Five school districts received aid this year that didn't qualify last school year: Dover #1, Erin, Glenwood City, Iowa Grant and North Cape. Aid was paid on the third Monday in September.
Sparsity aid is computed on prior year audited membership, which includes all students receiving services from a public school district and is different from enrollment.
"Because small rural school districts experience additional costs in things like student transportation related to distance and student numbers, as well as other impacts of adverse economy of scale, sparsity aid was created to help manage these added burdens," Blanford said.
The Plum City School District received $82,730.
"We are very pleased ... This is a significant amount of money for us. As a small school with little ability to control our numbers, we can't cleanly and evenly distribute funds on a per building or per grade basis," said Plum City Superintendent Ronald Walsh. "We also have administrative costs that are necessary regardless of the number of students we have. We need personnel to teach all students, to oversee special needs areas and to evaluate of all of our programs the same as districts many times larger than us. Sparsity aid is a welcome relief to help us smooth expenses out to somewhat compensate for our low enrollment."
Combined, the eligible school districts had pupil membership of 62,377, which is about 7 percent of Wisconsin's total public school membership for the 2016-17 school year. The membership total from eligible school districts required that the statutory sparsity aid payment of $300 per member be prorated at 98.84 percent this year for an actual payment of $296.52 per member.

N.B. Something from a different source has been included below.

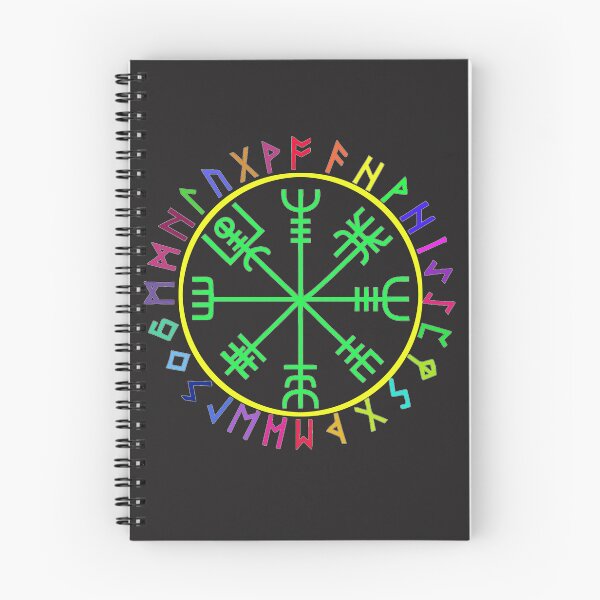 Item preview, Vegvísir Icelandic Wayfinder Symbol with runes rainbow designed and sold by shorethings.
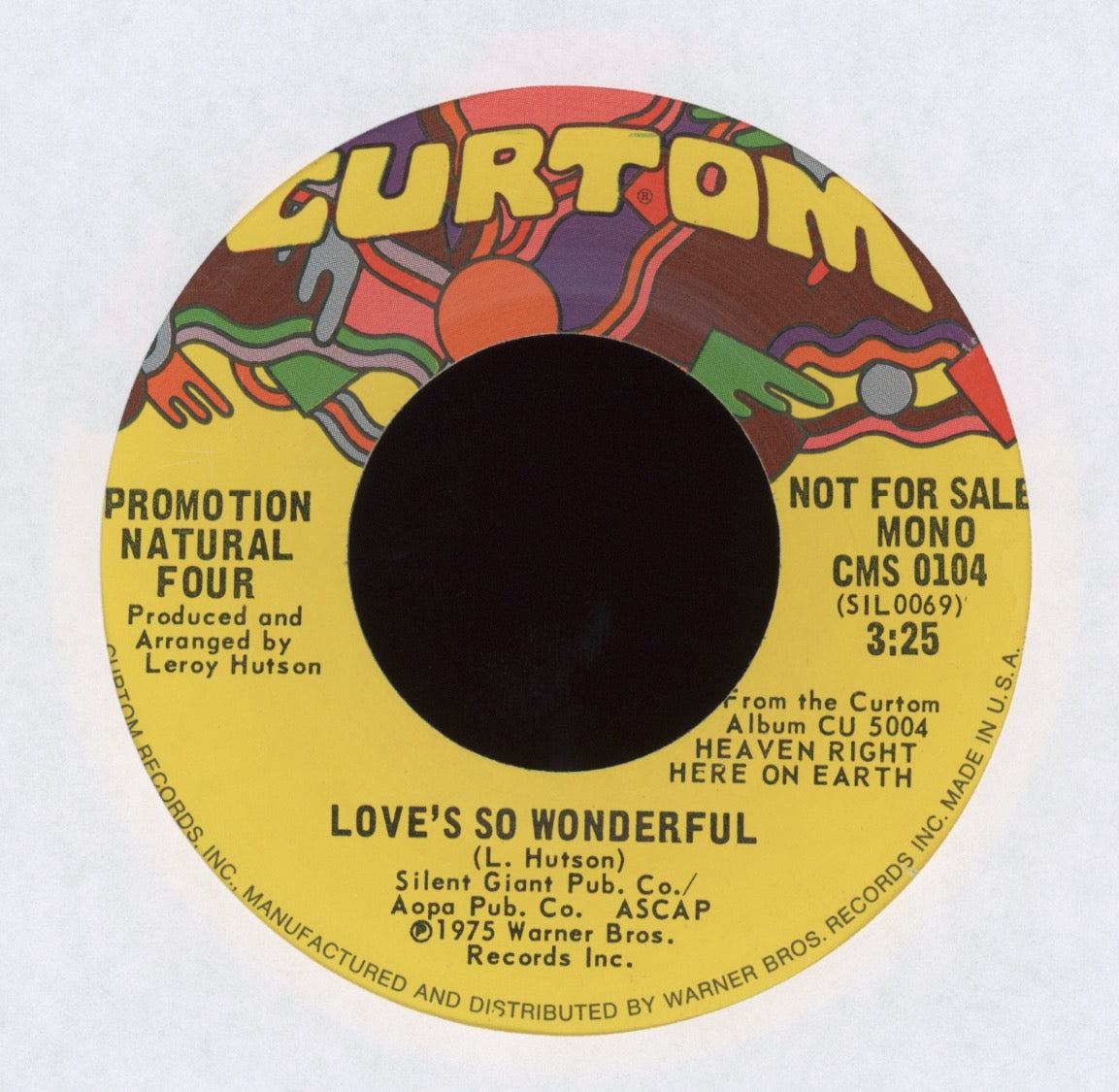 The Natural Four - Love's So Wonderful on Curtom Promo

"Across the state, the local school is the heart of the community. Its activities extend past the classroom as a gathering place for academic, athletic and other social activities that hold communities together. As a major employer, schools also support the local economy," said State Superintendent Tony Evers. "The sparsity aid program is an important support to our small school districts."
Sparsity aid was enacted as part of the 2007-09 state budget and based on recommendations from the State Superintendent's Rural Schools Advisory Council. The council stressed that declining enrollment and escalating fixed costs along with the lack of economies of scale were issues that put added pressure on small, sparsely populated districts. With the exception of the 2015-16 school year, sparsity aid has been prorated each year.